He who really wants to penetrate into the core of the Belgitude, should be
born in the Low Countries somewhere in the 16th century, when the tragic
separation took place between the Northern and the Southern Provinces of
the Netherlands. If that event had been avoided, the Netherlands would
have become a big power in Europe, New Amsterdam would never have been
replaced by New York and Dutch would have become a world language and
‘good bye’ would have been pronounced as ‘tot ziens’. Today I would have
addressed you in this language. And you would have understood even less of
what I will attempt to explain to you to night. Belgium is a wonderful
country and if it were not to exist, it should be invented. All domestic
conflicts are solved very peacefully. Belgium is a most tolerant country.

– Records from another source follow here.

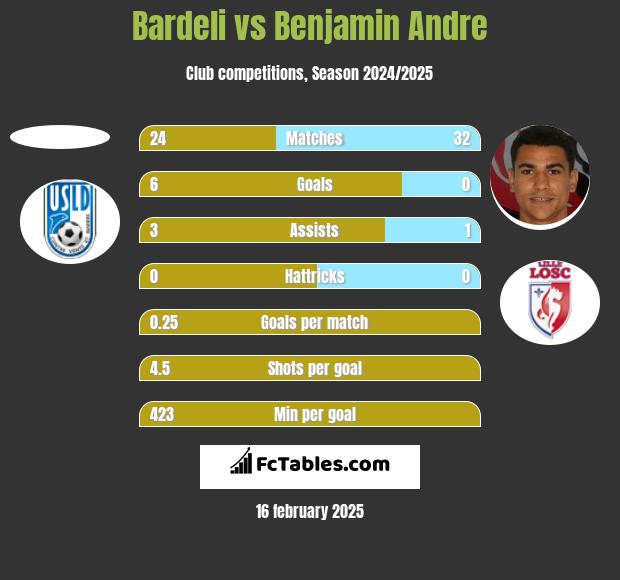 Bardeli vs Benjamin Andre h2h player stats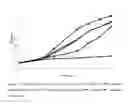 Fig. 02 - Strains of the genus and use thereof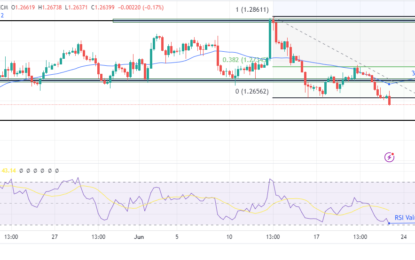 GBP/USD Outlook: Dollar Soars To 5-Week High Against Pound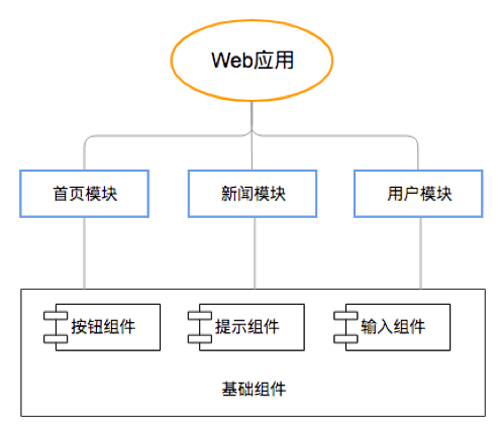 WeChat Image_20181127194040.png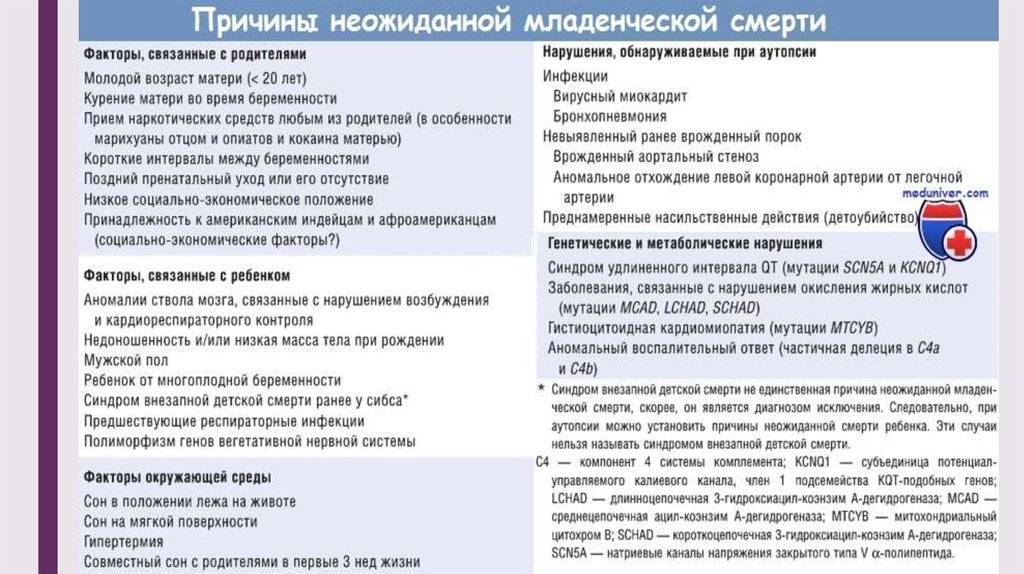 Синдром внезапной смерти у детей презентация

Blood is never shed; words and saliva all the more. The father of
surrealism in painting, René Magritte, was a Belgian and this was not only
due to a lucky coincidence or sheer accident. Belgian has some surreal
features, because it is an enigma, a mystery and a miracle. Churchill
once said that the United States and the UK are separated by the same
language. Belgium on the other hand is a country that is united by three,
Dutch, French and German being our third national tongue. The Belgians are
a very old tribe, already mentioned in the war memories or Julius Caesar
when he wrote in his best seller - in fact a long seller, the de Bello
Gallico: “omnium gallorum belgae fortissimi sunt”, a historical sentence
which was translated once by an American professor, getting an honorary
doctor's degree at my university: “ of all drivers the Belgians are the
most dangerous ones”, being not a literal but nevertheless a correct
translation. A few months ago I heard the Dutch prime minister Mr.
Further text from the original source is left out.